» Prompt
From the listing below, reproduce word for word the part that opens with the line containing "South island mountain snowcap cloud grass." and closes with the line containing "couple standing at sunset"; reproduce nothing else.

---- Data in this exercise

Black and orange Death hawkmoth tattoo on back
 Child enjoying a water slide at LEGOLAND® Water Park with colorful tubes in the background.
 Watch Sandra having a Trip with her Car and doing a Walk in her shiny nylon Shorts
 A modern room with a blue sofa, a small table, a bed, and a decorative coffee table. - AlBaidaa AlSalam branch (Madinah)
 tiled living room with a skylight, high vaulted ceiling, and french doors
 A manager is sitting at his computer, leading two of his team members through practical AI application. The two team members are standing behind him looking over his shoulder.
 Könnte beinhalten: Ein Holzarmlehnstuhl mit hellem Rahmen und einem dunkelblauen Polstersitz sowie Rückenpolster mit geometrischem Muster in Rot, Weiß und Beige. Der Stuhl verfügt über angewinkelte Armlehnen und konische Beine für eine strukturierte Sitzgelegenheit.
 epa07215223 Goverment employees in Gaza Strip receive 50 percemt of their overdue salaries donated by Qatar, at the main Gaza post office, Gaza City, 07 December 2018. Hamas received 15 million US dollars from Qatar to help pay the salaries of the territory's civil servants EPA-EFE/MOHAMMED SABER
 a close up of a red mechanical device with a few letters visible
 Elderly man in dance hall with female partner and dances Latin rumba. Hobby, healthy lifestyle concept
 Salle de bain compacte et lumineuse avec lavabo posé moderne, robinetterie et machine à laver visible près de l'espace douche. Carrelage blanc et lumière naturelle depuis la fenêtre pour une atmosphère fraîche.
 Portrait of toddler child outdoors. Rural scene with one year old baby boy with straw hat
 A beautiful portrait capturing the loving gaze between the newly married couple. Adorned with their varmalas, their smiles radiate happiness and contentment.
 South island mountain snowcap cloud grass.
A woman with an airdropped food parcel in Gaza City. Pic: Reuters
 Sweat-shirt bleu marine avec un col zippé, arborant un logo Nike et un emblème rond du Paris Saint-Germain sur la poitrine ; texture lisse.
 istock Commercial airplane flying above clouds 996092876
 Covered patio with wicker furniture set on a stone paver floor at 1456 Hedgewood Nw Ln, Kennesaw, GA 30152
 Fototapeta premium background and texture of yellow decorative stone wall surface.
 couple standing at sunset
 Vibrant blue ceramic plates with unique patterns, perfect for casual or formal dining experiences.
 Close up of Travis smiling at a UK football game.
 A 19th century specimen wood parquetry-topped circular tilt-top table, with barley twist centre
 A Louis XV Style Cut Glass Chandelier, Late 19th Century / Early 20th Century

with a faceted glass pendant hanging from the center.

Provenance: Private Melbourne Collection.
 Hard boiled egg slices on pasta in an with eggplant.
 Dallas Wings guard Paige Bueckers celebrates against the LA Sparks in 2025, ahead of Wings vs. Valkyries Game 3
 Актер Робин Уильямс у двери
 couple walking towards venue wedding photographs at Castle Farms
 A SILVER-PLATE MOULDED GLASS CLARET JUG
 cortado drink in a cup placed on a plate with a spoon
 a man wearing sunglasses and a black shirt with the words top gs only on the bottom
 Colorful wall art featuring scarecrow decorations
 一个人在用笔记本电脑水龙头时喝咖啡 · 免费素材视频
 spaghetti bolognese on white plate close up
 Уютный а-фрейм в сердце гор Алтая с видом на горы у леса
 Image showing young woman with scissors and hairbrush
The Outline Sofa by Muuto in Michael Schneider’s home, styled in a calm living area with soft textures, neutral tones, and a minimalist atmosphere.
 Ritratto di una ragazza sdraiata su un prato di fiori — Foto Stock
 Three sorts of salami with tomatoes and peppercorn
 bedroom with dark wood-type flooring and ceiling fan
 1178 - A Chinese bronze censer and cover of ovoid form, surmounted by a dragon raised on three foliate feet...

--------

» Exercise result
 South island mountain snowcap cloud grass.
A woman with an airdropped food parcel in Gaza City. Pic: Reuters
 Sweat-shirt bleu marine avec un col zippé, arborant un logo Nike et un emblème rond du Paris Saint-Germain sur la poitrine ; texture lisse.
 istock Commercial airplane flying above clouds 996092876
 Covered patio with wicker furniture set on a stone paver floor at 1456 Hedgewood Nw Ln, Kennesaw, GA 30152
 Fototapeta premium background and texture of yellow decorative stone wall surface.
 couple standing at sunset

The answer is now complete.